It is not a straight forward question to answer because I think a lot depends on personal strengths and weaknesses and how these relate to your rank. Putting this point to one side though, the below are possibly my personal highlights of the books I have tried to read (150+):
Beginner - DDK
Second Book of Go - Richard Bozulich
Tesuji - James Davies
Opening Theory Made Easy - O. Hideo
Go for Beginners - K. Iwamoto
Lessons in the Fundamentals of Go - T.Kageyama
Intermediate - SDK
Reducing Territorial Frameworks - Shuko Fujisawa
Utilising Outward Influence - Jin Jiang
Great Joseki Debates - Honda Kunihisa
Breakthrough to Shodan - N. Miyamoto
Mastering the Basics series
Advanced - Dan
Relentless - Go Game Guru (I very much recommend this)
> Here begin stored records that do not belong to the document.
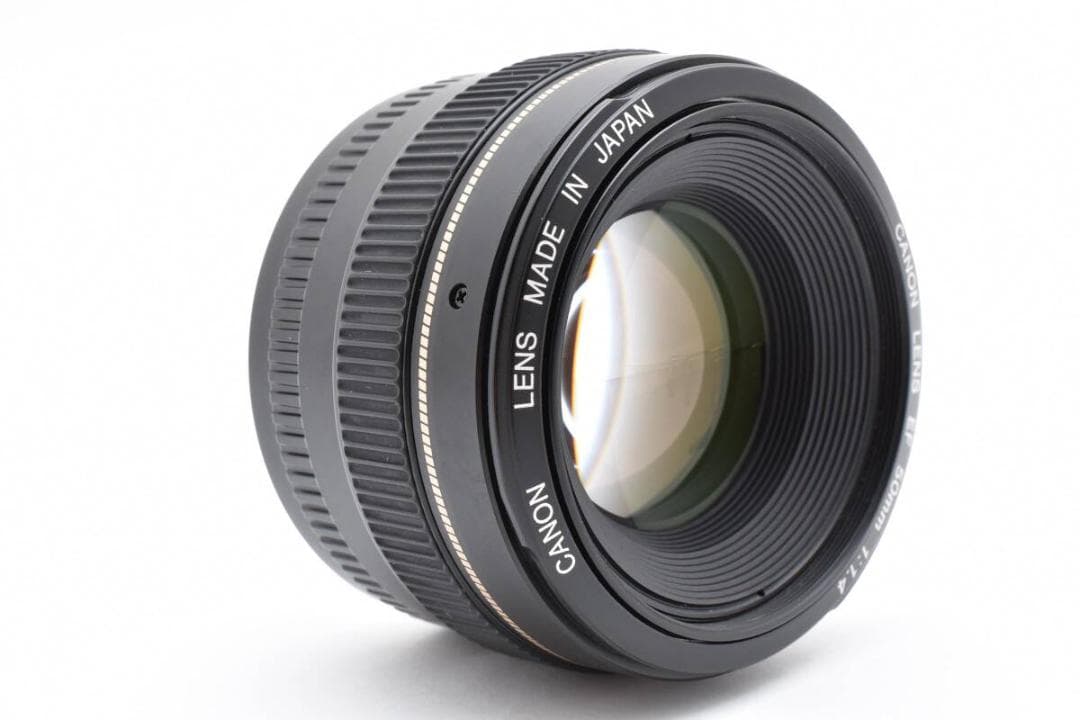 ★極美品★ キヤノン Canon EF 50mm F1.4 USM #255t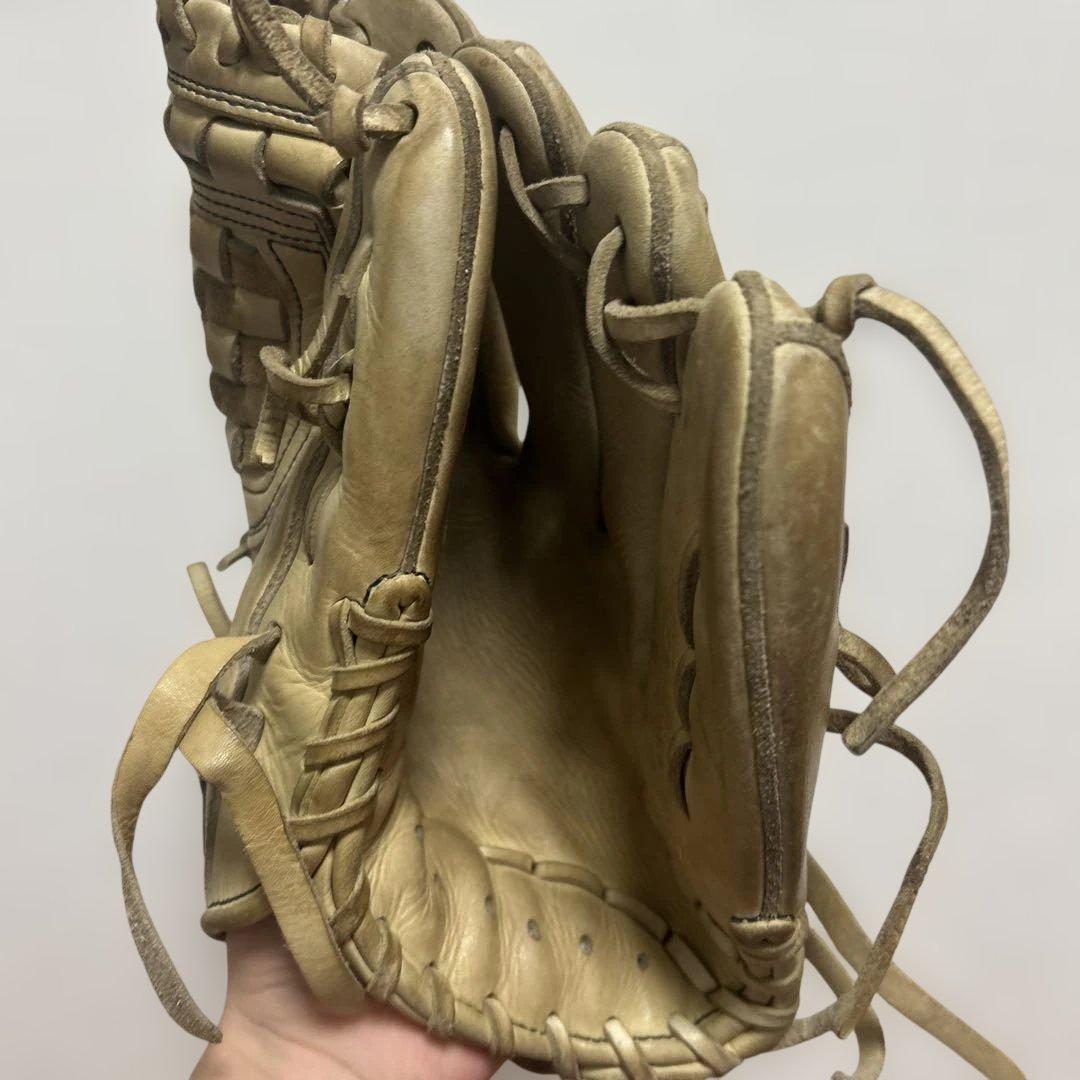 ZETT プロステイタス　硬式グローブ キャメル　源田モデル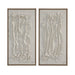 Renwil Canada - Wall Art - Volterra - Light walnut- Union Lighting Luminaires Decor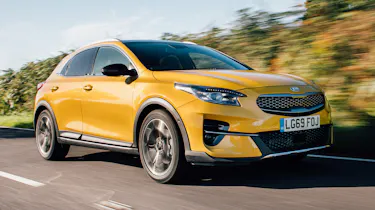 Kia XCeed 1.4 petrol - front
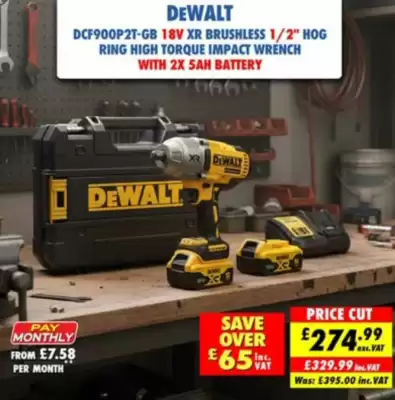 Machine Mart catalogue (valid until 16-01)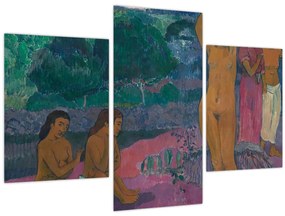 Obraz - Paul Gauguin, The Invocation, reprodukcia (90x60 cm)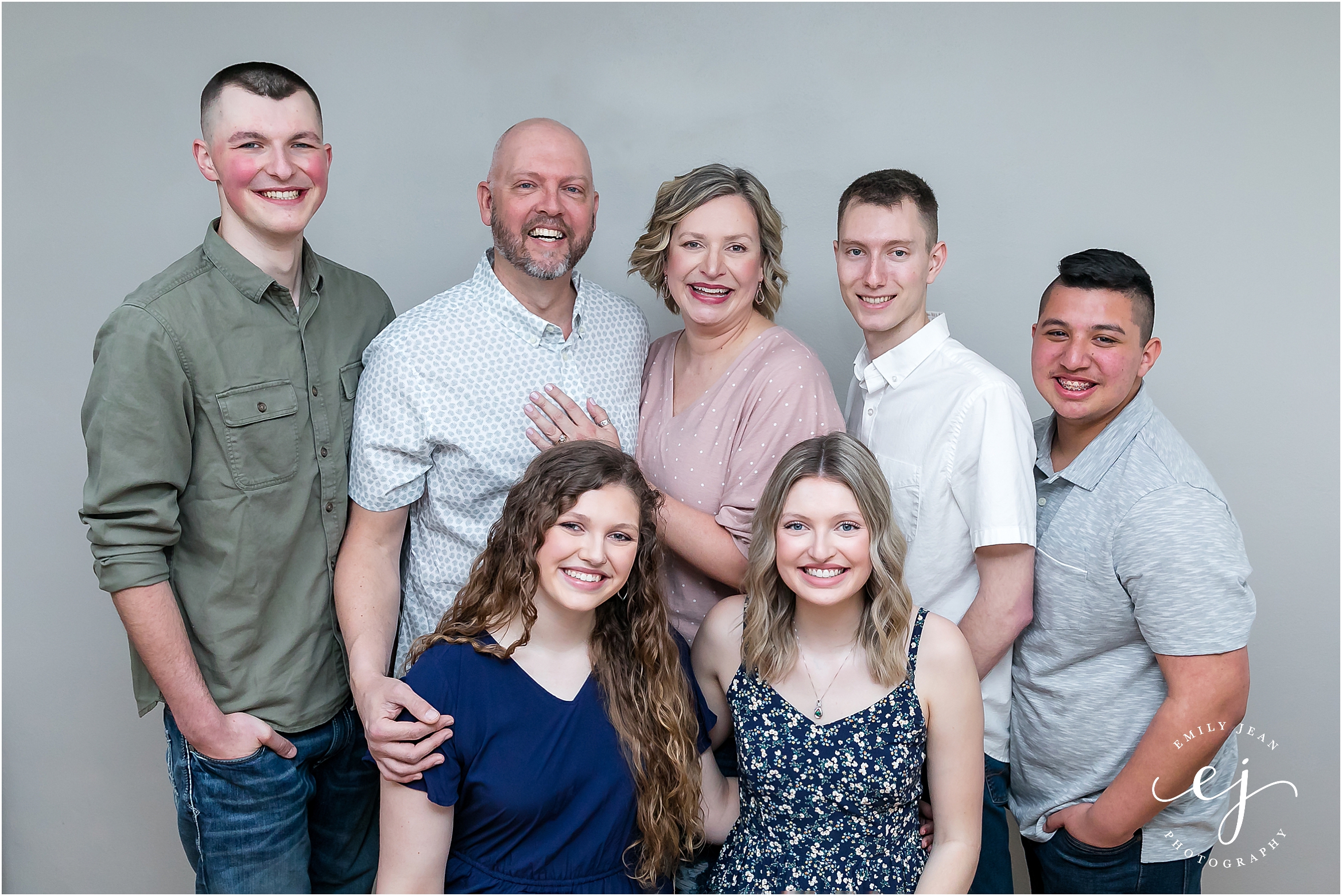 La Crosse Wisconsin Family Photographer The Finley Family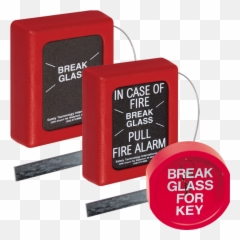 Break Glass Stopper - Fire Alarm Pull Glass Break Emoji,Glas Cage Of Emotion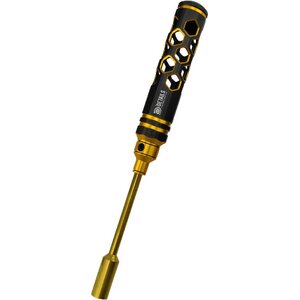 ValueRC Premium Nut Wrench (7.0mm) - Black Gold Hexagon Honeycomb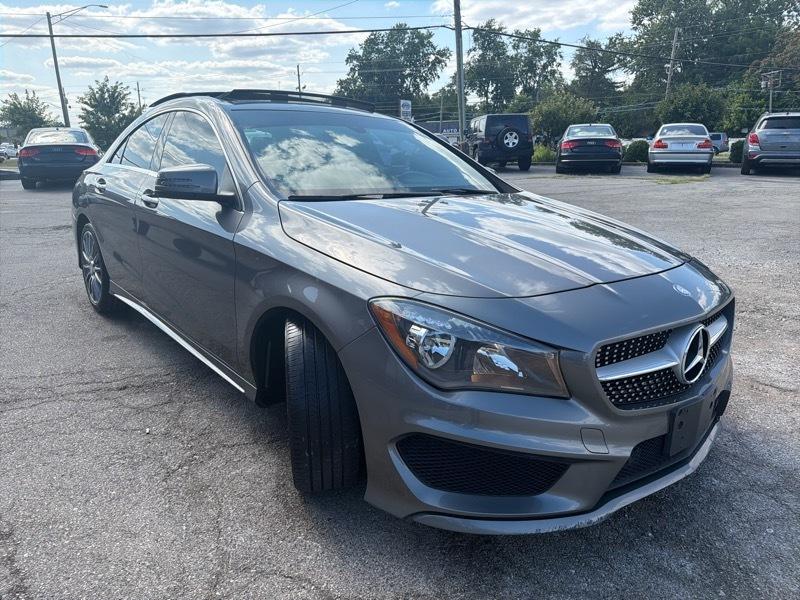 Mercedes-Benz CLA-Class CLA250 4MATIC 2016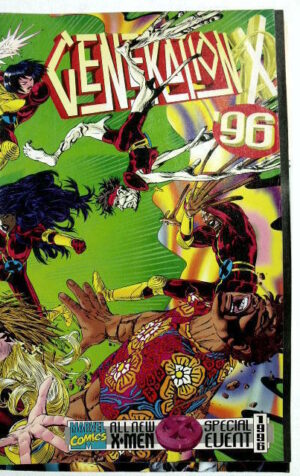 Generation X - ANNUAL 1996 -  ed. Marvel Comics  [G.180]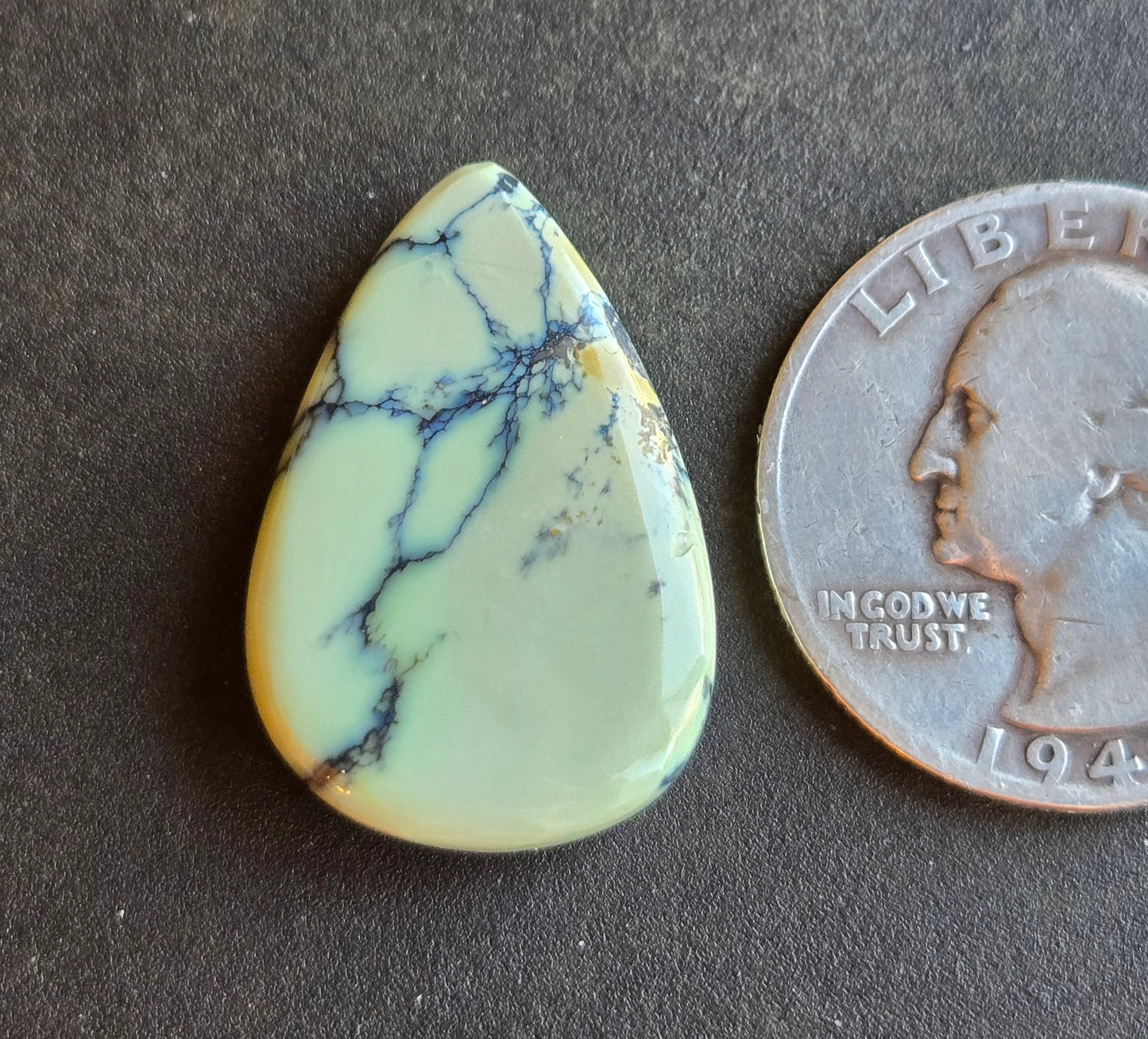 Prince Mine Variscite Cabochon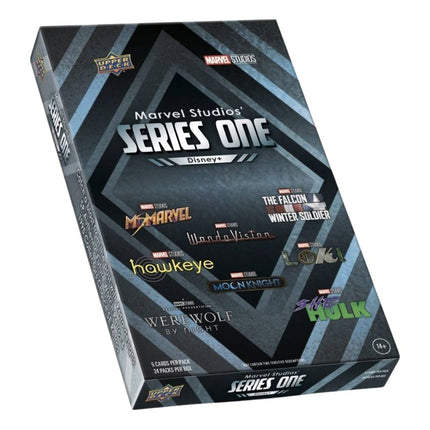 MCU 2024 Upper Deck Marvel Studios Series 1 - Disney+ Hobby Box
Katos’ Attack & Kill - M. Kato
Invincible - John Power
Whole Board Thinking in Joseki V1 & V2 - Yi-Lun Yang (probably SDK level but you need a good joseki knowledge first)
On the general debate of how to improve here are some other tips that have helped me at various stages:
- Play games as much as possible (the first thing my go teacher told me was i need to be playing daily)
- Always review your games afterwards. Everyone should be able to see where they and where their opponents gained the points. The why then follows. If you can then go software/a go teacher/people at your go club will also help with this.
- Do daily life and death problems (between 10 and 20). This helps with your reading ability.
- Don’t bother analysing professional games in detail until you are a sufficient standard because most of it is above your head (just do it for fun). Focus on getting the basics right first.
- If you can afford it then the thing that has helped me the most is Guo Juan’s internet go school.